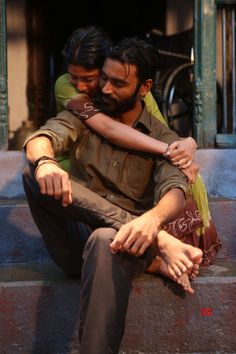 two men sitting on the steps hugging each other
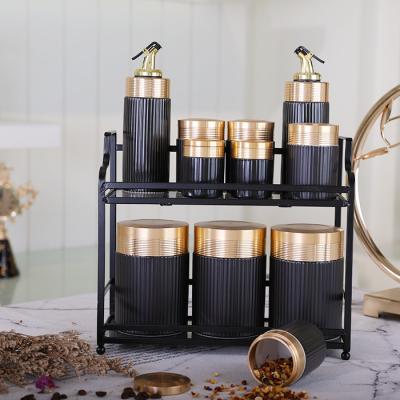 China Sustainable Kitchen Olive Oil Vinegar Dispenser Bottle Sugar Salt Pot Set Ceramic Kitchen Coffee Canister Sets With Metal Rack for sale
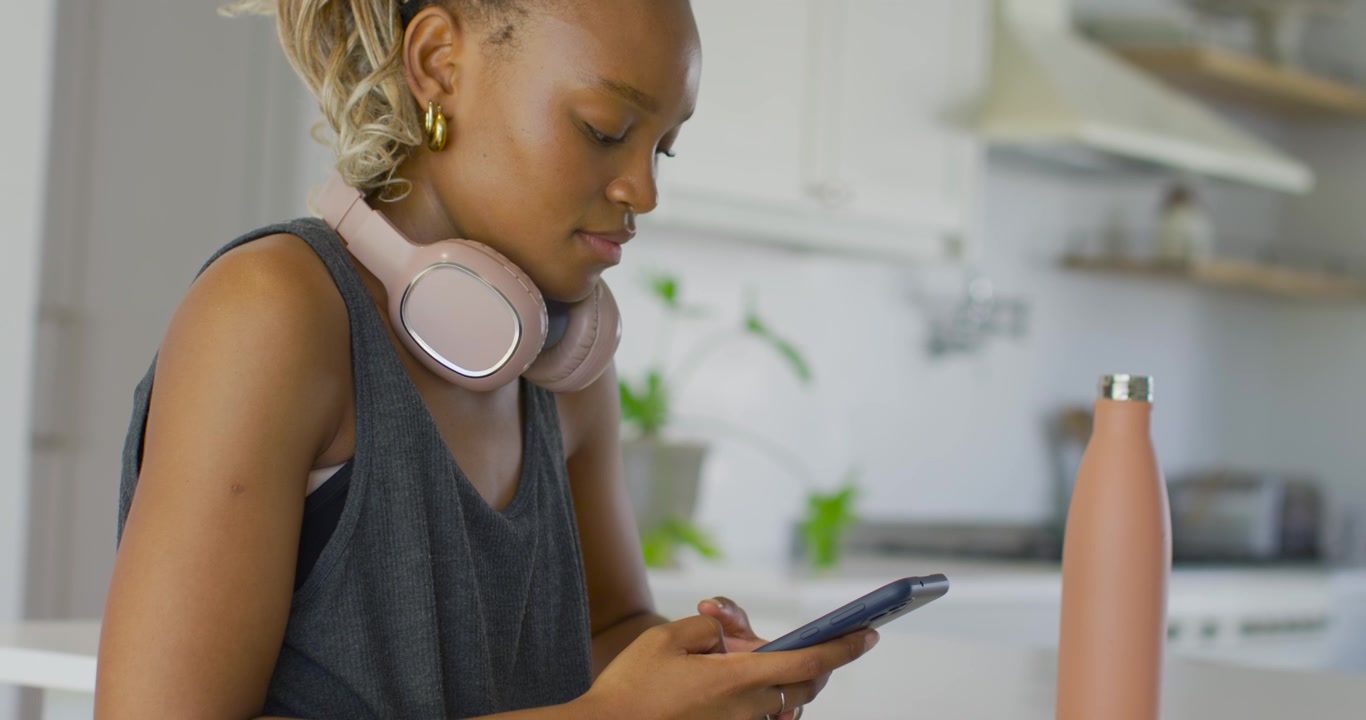 African woman glancing, picking up, scrolling smartphone at kitchen counter with pink headset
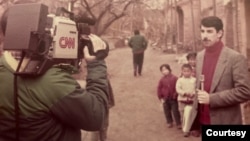 FILE - Correspondent Mike Chinoy reports from China in 1984 on a trip in advance of Ronald Reagan's state visit, three years before Chinoy opened the CNN Beijing bureau. (Courtesy of Mike Chinoy)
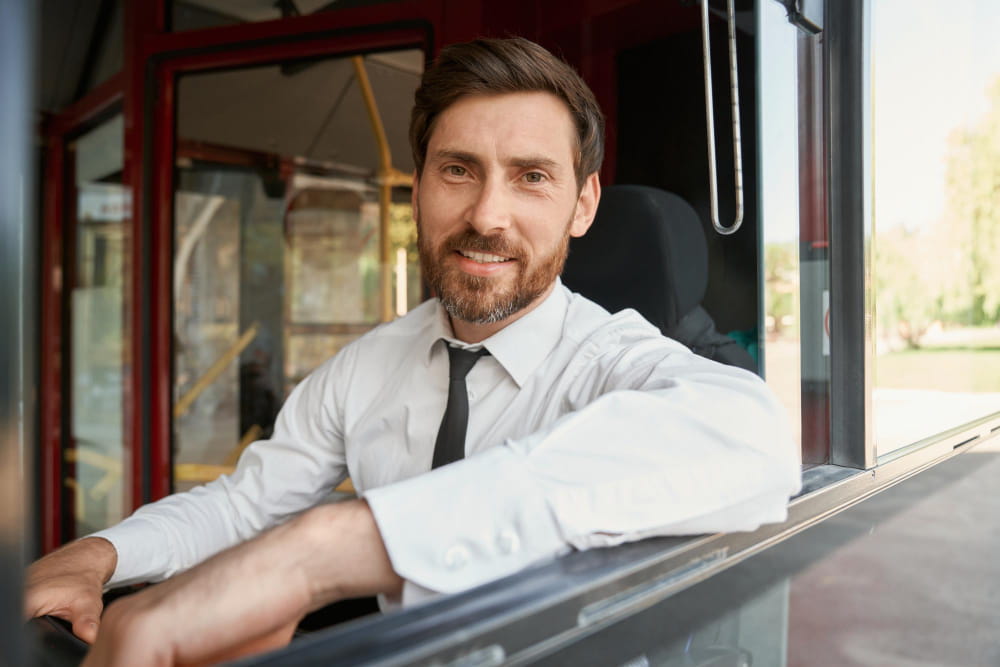 Un chauffeur de bus souriant en chemise blanche et cravate à sa fenêtre, illustrant un service de location autocar avec chauffeur.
-*-*-
**Problem**
Exactly the lines from the one with "African woman glancing, picking" through the end of the records should be written out, and only those. Pictures do not belong in the copy.

**Solution**
 African woman glancing, picking up, scrolling smartphone at kitchen counter with pink headset
 FILE - Correspondent Mike Chinoy reports from China in 1984 on a trip in advance of Ronald Reagan's state visit, three years before Chinoy opened the CNN Beijing bureau. (Courtesy of Mike Chinoy)
 Un chauffeur de bus souriant en chemise blanche et cravate à sa fenêtre, illustrant un service de location autocar avec chauffeur.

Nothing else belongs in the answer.